Rapidly advancing imaging techniques, such as cryo-EM, will allow many snapshots of biophysical structures to be taken at the atomic level in the near future3,21,22,28,66,67. A biologically and biophysically important task will be to infer dynamical information from such instantaneous static ensemble measurements. The protein-folding example in Fig. 2 suggests that the framework introduced here can help overcome this major challenge; in principle, the framework requires only the pairwise distances between recognizable features of the protein as input (here we used the carbon alpha coordinates). Another promising area of future application is the analysis of single-cell RNA-sequencing data quantifying the expression within individual cells23. Related to this application, Fig. 3 demonstrates that our protocol recovers state-switching pathways in multistable gene-regulatory networks, which are thought to underlie cell-fate decisions. These results are most relevant in low-molecule-number regimes, in which noise is known to be an important factor68. In relevant recent work, an effective non-parametric energy landscape of single-cell expression snapshots was inferred using the Laplacian of a k-nearest neighbor graph on the data, allowing lineage information to be derived via a Markov chain15. The GMM-based framework here provides a complementary parametric approach for reconstructing faithful low-dimensional transition state dynamics from such high-dimensional data.
Furthermore, the proof-of-concept results in Fig. 4 suggest that our inference scheme for Markovian network dynamics can be useful for studying viral and bacterial evolution, which are often modeled as movements through a series of DNA or protein sequences69. The fitness landscape of an organism in sequence space is analogous to the negative of an effective energy landscape. The process of fixation by a succession of mutants in a population, whereby each mutant replaces the previous lineage as the population’s most recent common ancestor, has been modeled as a Markov process70. Successive sweeps to fixation have been observed in long-term evolution experiments, promising groundbreaking data for future analysis as whole-genome sequencing technologies improve71.

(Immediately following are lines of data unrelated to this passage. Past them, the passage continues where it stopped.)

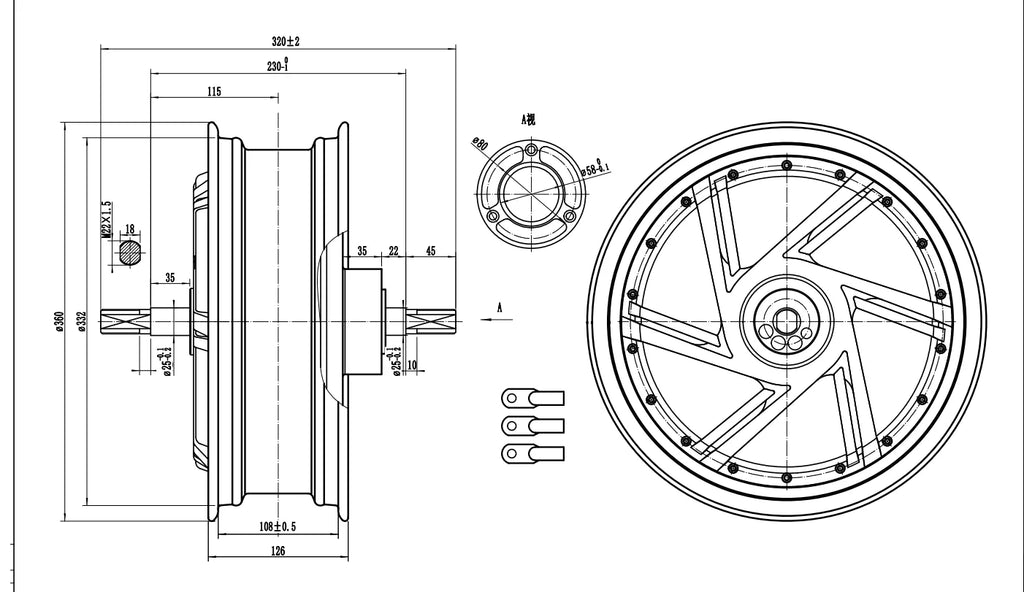 QS Motor 13*4.25inch 12000W 273 70H V4 High Power Hot Sale BLDC Gearless Motor In-wheel Hub Motor for Electric Scooter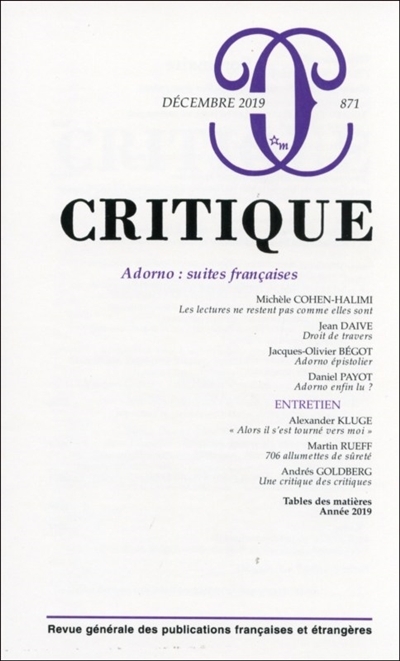 Critique, n° 871 - Adorno : suites françaises | 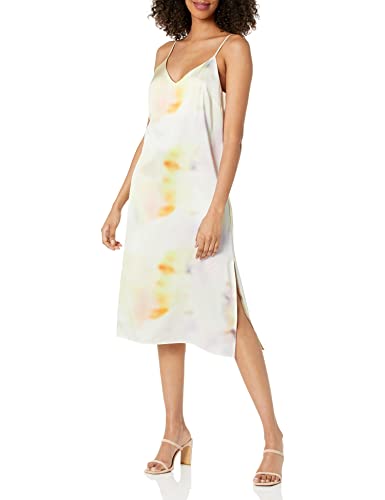 The Drop Ana Silky Midi-Slip-Kleid mit V-Ausschnitt Freizeitkleid, Batikfärbung, Medium von The Drop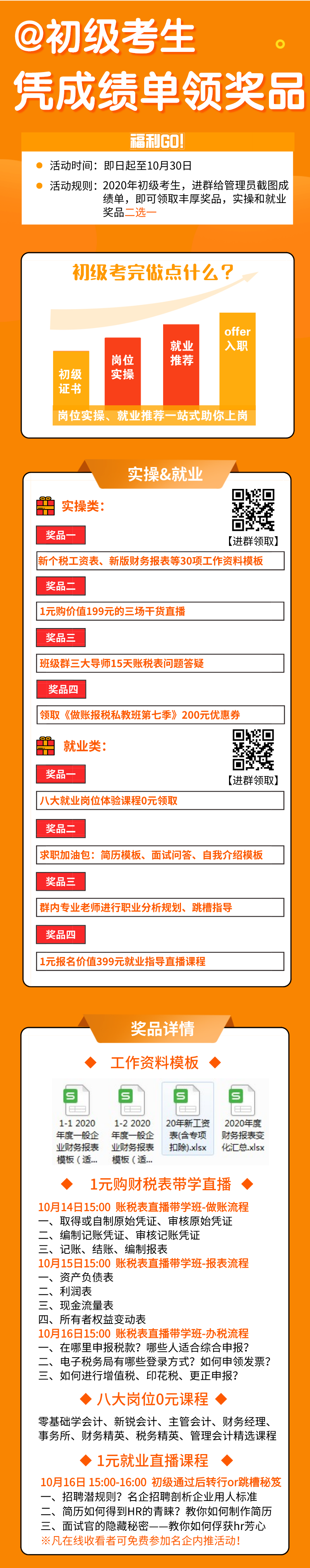 初級考生有福了！憑2020初級考試成績單領取實務獎品
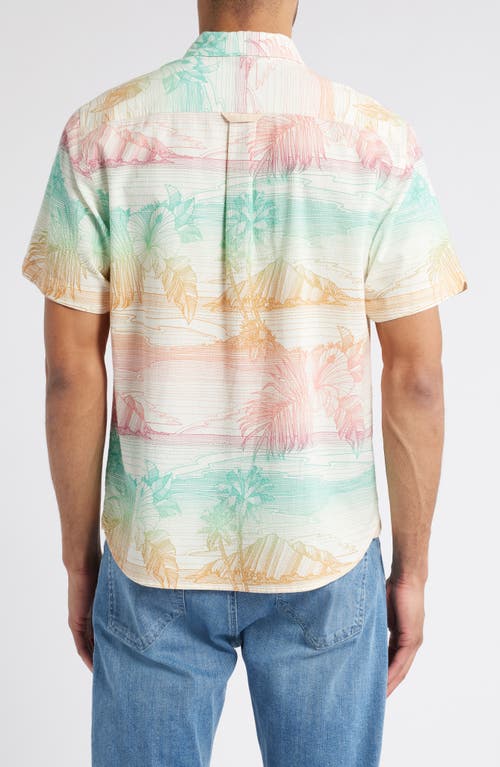 Tommy Bahama Nova Wave Corsica Coast Short Sleeve Cotton Blend Seersucker Button-up Shirt In Marble Cream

The inference protocol opens the possibility to analyze previously intractable multi-phase systems: many high-dimensional physical, chemical, and other stochastic processes can be described by a Fokker–Planck dynamics1, with phase equilibria corresponding to maxima of the stationary distribution. By taking near-simultaneous measurements of many subsystems within a large multistable Fokker–Planck system, the above scheme allows the inference of coexisting equilibria and transition rates between them. Other possible applications may include neuronal expression11 and social networks17,24, which have been described in terms of effective energy landscapes.

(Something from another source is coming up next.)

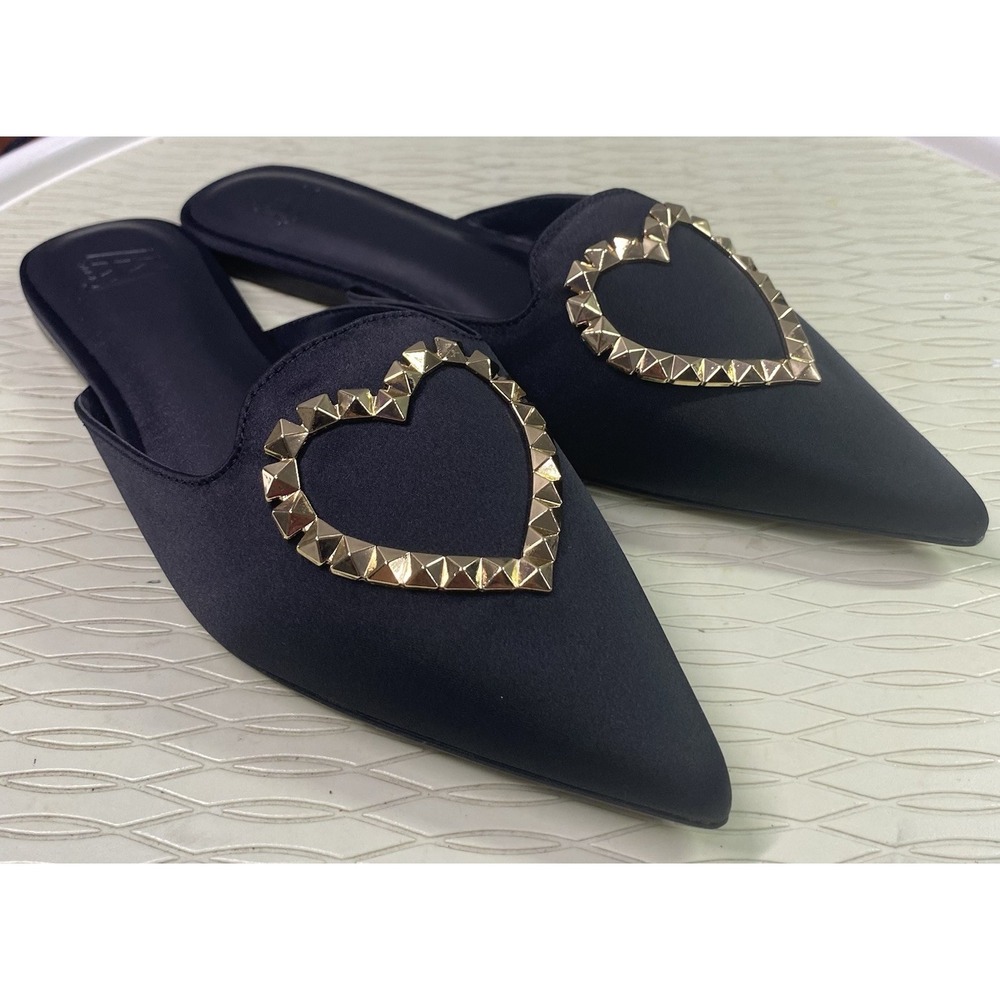 Aminah Abdul Women Jillil Aviva Black Satin Heart Studded Flat Mules Shoe 7.5 M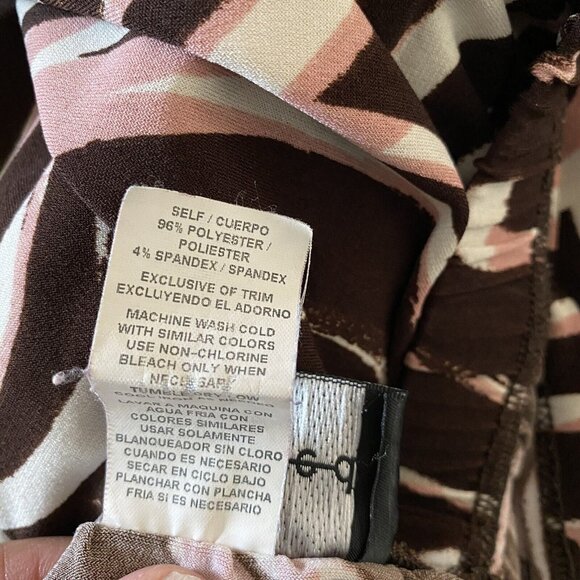 Connected Skirt Size 1X Stretchy Elastic Waist Pull On Brown Mauve Lightweight - Picture 5 of 6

Although we focused here on normal white-noise diffusive behavior, as is typical of protein-folding dynamics, the above ideas can in principle be generalized to other classes of stochastic exploration processes. Such extensions will require replacing Eq. (2) through suitable generalized rate formulas, as have been derived for correlated noise1. Conversely, the present framework provides a means to test for diffusive dynamics: if the MFPTs of an observed system differ markedly from those inferred by the above protocol, then either important degrees of freedom have not been measured, the system is out of equilibrium on measurement time scales, or the system does not have Brownian transition statistics, necessitating further careful investigation of its time dependence.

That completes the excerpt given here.